What is expected: Copy, exactly as written, the lines that begin at the one containing "On top of that, it's" and end at the one containing "What up farm, how". Skip any pictures in the data below.

=== Extracted data ===

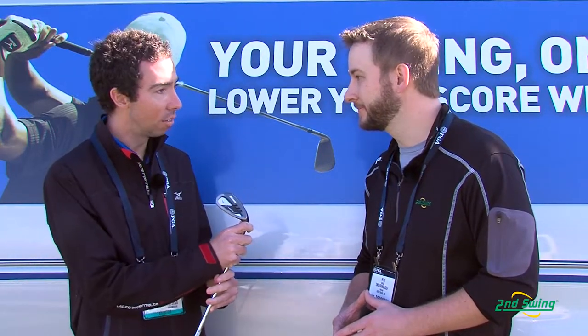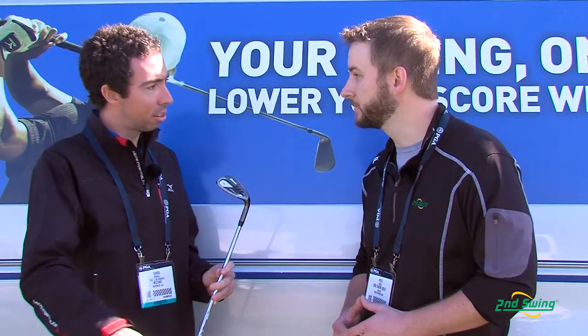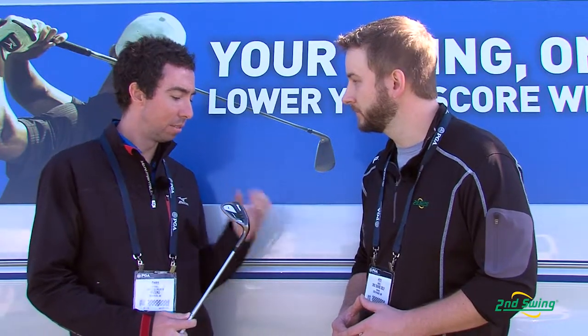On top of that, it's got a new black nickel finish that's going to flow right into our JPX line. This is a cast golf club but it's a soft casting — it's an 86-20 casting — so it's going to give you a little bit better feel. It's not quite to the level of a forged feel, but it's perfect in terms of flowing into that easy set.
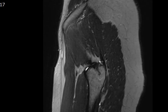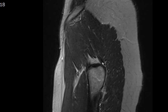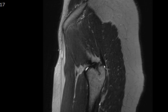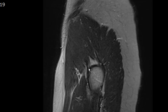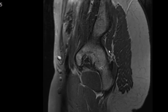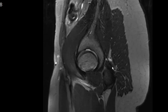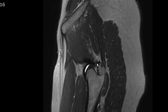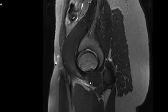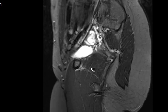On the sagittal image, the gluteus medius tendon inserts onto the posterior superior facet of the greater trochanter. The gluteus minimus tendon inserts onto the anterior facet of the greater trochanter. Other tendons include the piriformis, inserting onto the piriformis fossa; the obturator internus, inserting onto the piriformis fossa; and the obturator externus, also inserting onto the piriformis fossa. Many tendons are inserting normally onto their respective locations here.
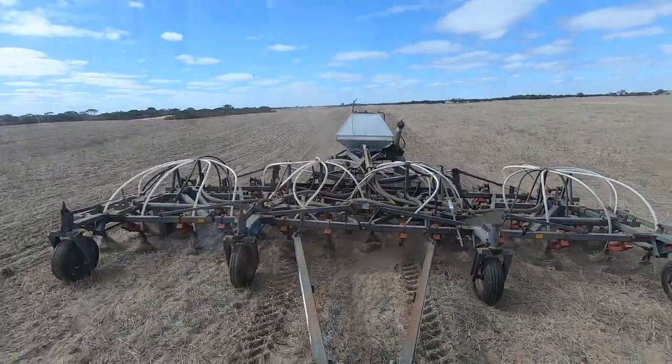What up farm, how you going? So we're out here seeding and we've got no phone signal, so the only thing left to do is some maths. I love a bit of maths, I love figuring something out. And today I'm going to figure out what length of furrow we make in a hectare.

===
=== Extracted data ===

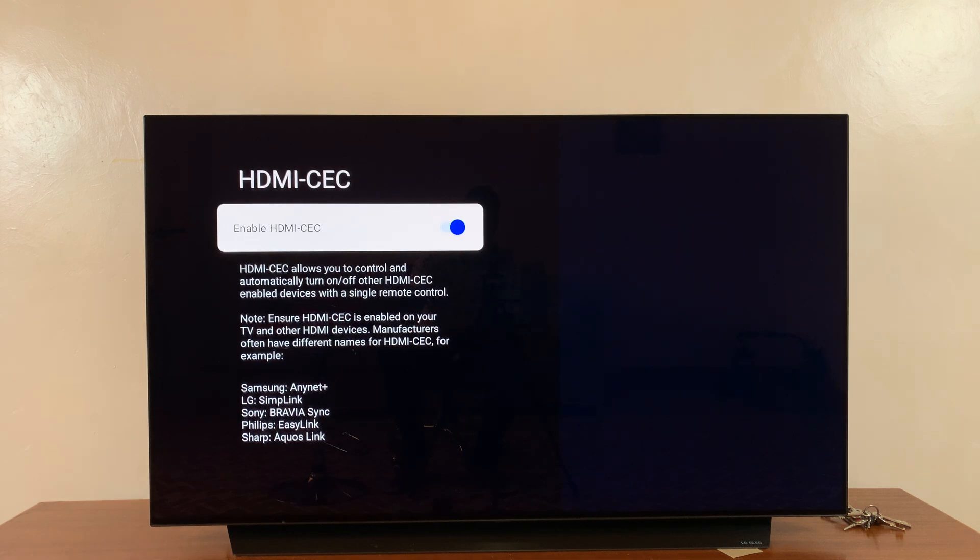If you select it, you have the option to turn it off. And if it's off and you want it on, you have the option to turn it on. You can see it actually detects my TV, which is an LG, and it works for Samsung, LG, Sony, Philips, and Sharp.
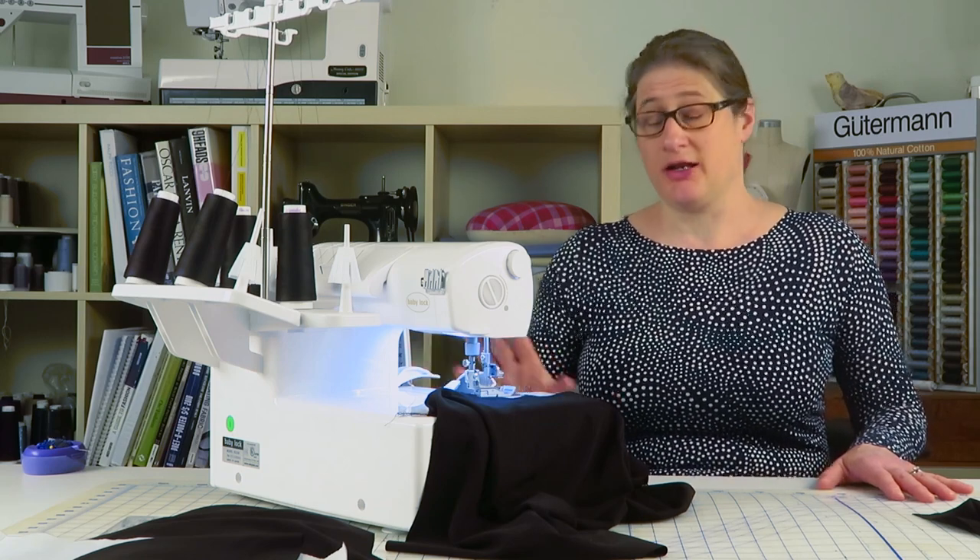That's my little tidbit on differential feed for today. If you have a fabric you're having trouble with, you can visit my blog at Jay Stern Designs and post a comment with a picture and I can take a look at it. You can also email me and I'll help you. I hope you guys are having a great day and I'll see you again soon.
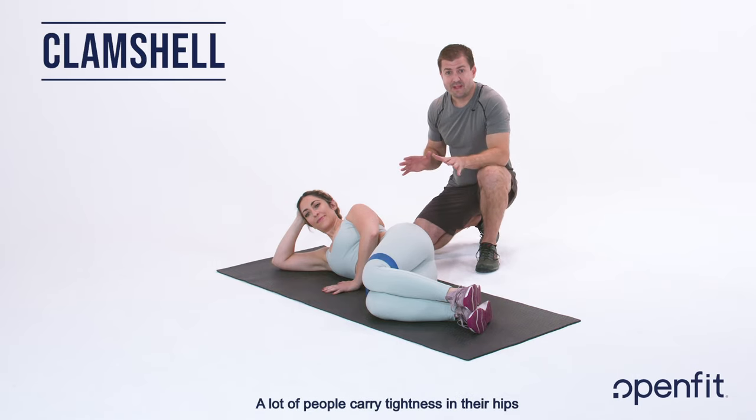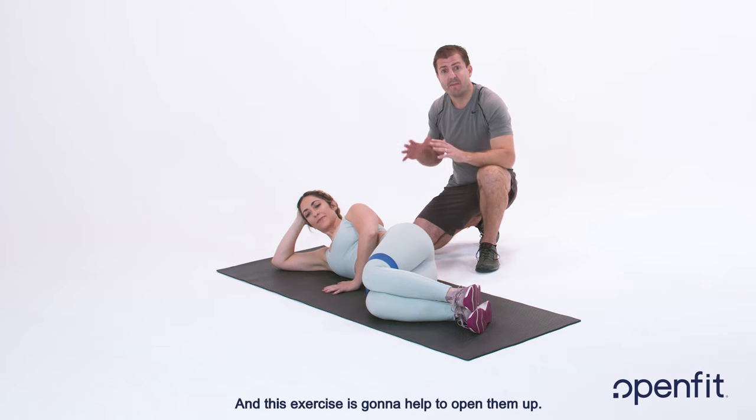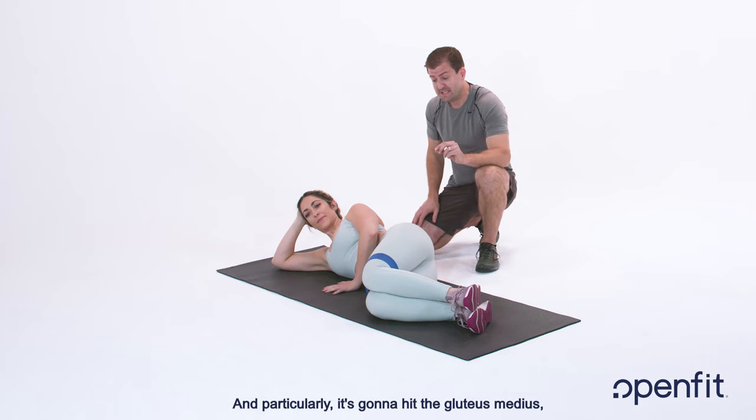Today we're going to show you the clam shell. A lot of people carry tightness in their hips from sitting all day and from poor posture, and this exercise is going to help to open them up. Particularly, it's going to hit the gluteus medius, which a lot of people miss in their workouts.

===

Final answer:
On top of that, it's got a new black nickel finish that's going to flow right into our JPX line. This is a cast golf club but it's a soft casting — it's an 86-20 casting — so it's going to give you a little bit better feel. It's not quite to the level of a forged feel, but it's perfect in terms of flowing into that easy set.
On the sagittal image, the gluteus medius tendon inserts onto the posterior superior facet of the greater trochanter. The gluteus minimus tendon inserts onto the anterior facet of the greater trochanter. Other tendons include the piriformis, inserting onto the piriformis fossa; the obturator internus, inserting onto the piriformis fossa; and the obturator externus, also inserting onto the piriformis fossa. Many tendons are inserting normally onto their respective locations here.
What up farm, how you going? So we're out here seeding and we've got no phone signal, so the only thing left to do is some maths. I love a bit of maths, I love figuring something out. And today I'm going to figure out what length of furrow we make in a hectare.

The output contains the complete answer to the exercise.